The LAPACK tests were primarily created to test the validity of the Reference-LAPACK implementation, which is implemented in unoptimized, single-threaded Fortran code. This makes it very sensitive to small numerical deviations that can result from the use of specialized cpu instructions that combine multiplications and additions without intermediate rounding and storing to memory (FMA), or from changing the order of mathematical operations by splitting an original problem workload into smaller tasks that are solved in parallel. As a result, you may encounter a small number of errors in the "numerical" column of the summary table at the end of the make lapack-test run - this is usually nothing to worry about, and the exact number and distribution of errors among the four data types will often vary with the optimization flags you supplied to the compiler, or the cpu model for which you built OpenBLAS. Sporadic errors in the column labeled other are normally the sign of failed convergence of iterative diagonalizations for the same reasons just mentioned. A more detailed error report is stored in the file testing_results.txt - this should be consulted in case of doubt. Care should be taken if you encounter numerical errors in the hundreds, or other errors accompanied by the LAPACK error message "on entry to function_name parameter X had an illegal value" that signals a problem with argument passing between individual functions. (See also this issue in the issue tracker on github for additional discussion, examples and links)

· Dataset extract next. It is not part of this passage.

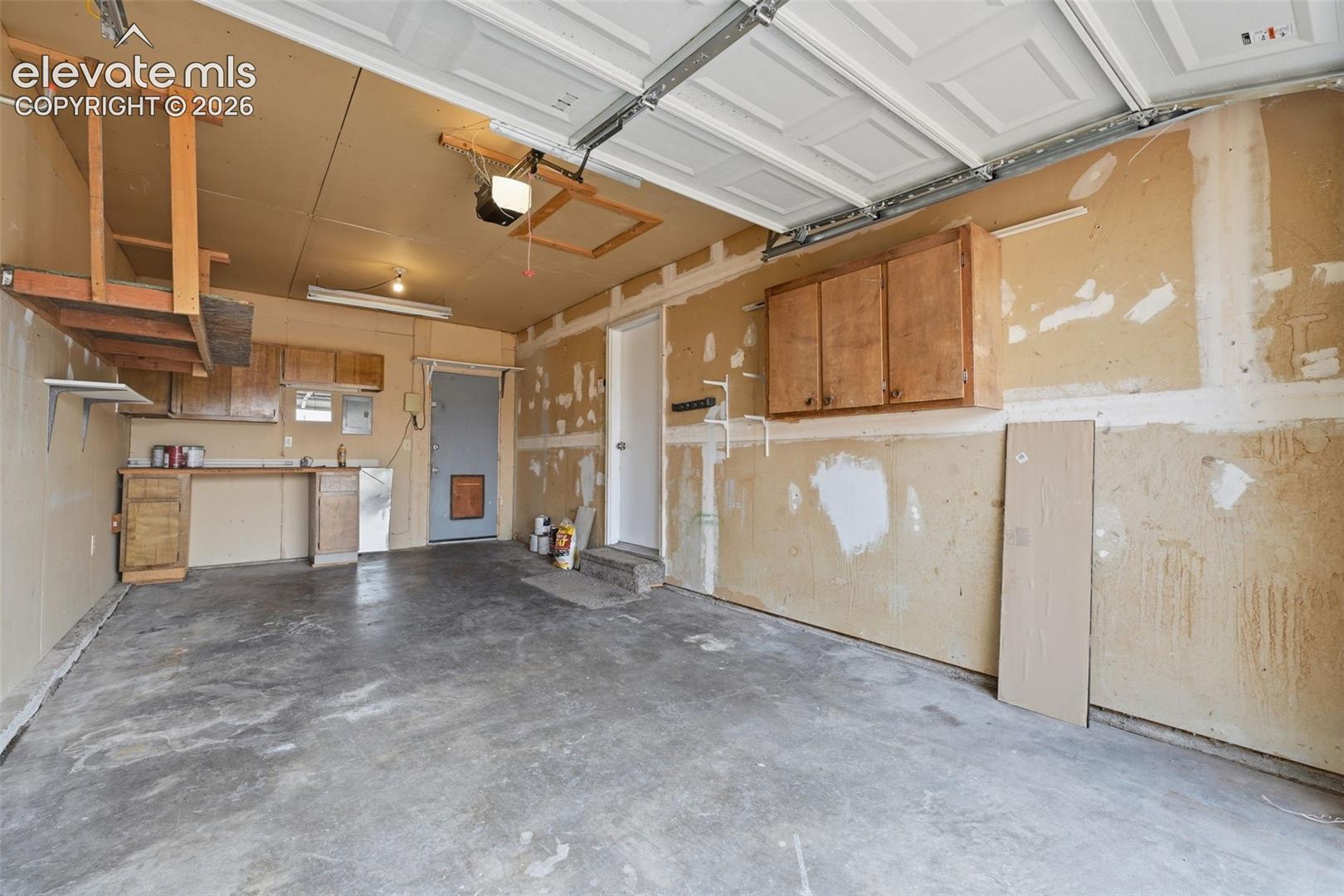 Attached overhead garage door, built-in cabinetry, concrete flooring, utility sink, and overhead storage shelving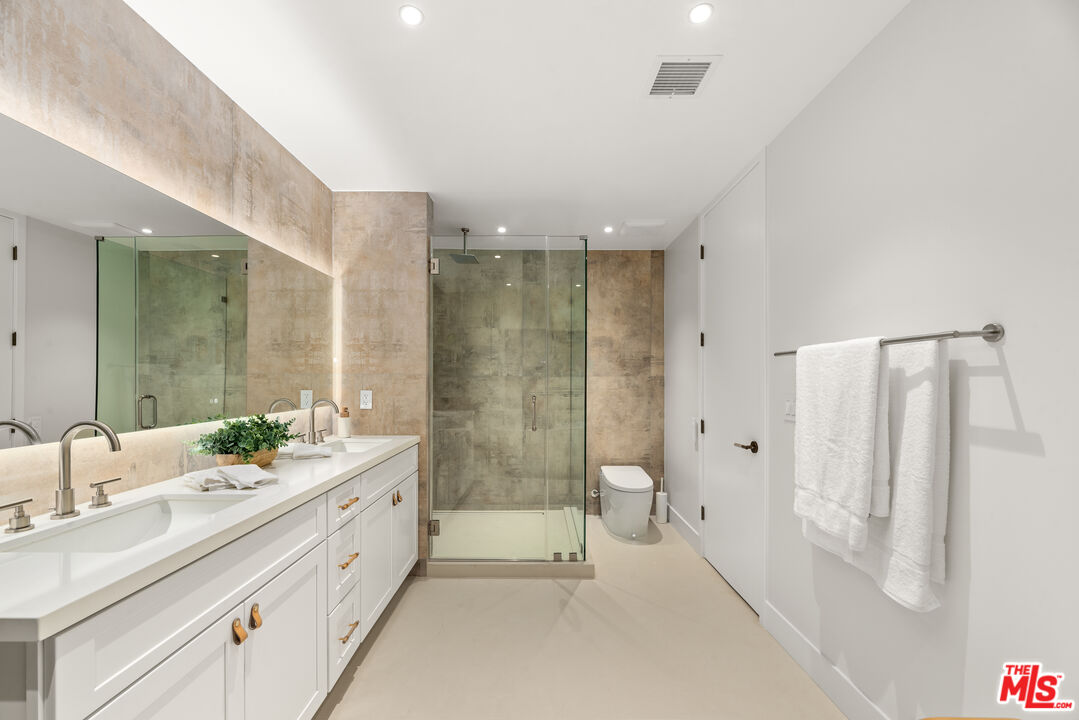 100 South La Jolla Avenue Los Angeles, CA 90048 - Photo 17 of 31 a bathroom with a double vanity sink mirror double and shower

How could I disable OpenBLAS threading affinity on runtime?

You can define the OPENBLAS_MAIN_FREE or GOTOBLAS_MAIN_FREE environment variable to disable threading affinity on runtime. For example, before the running,

export OPENBLAS_MAIN_FREE=1

Alternatively, you can disable affinity feature with enabling NO_AFFINITY=1 in Makefile.rule.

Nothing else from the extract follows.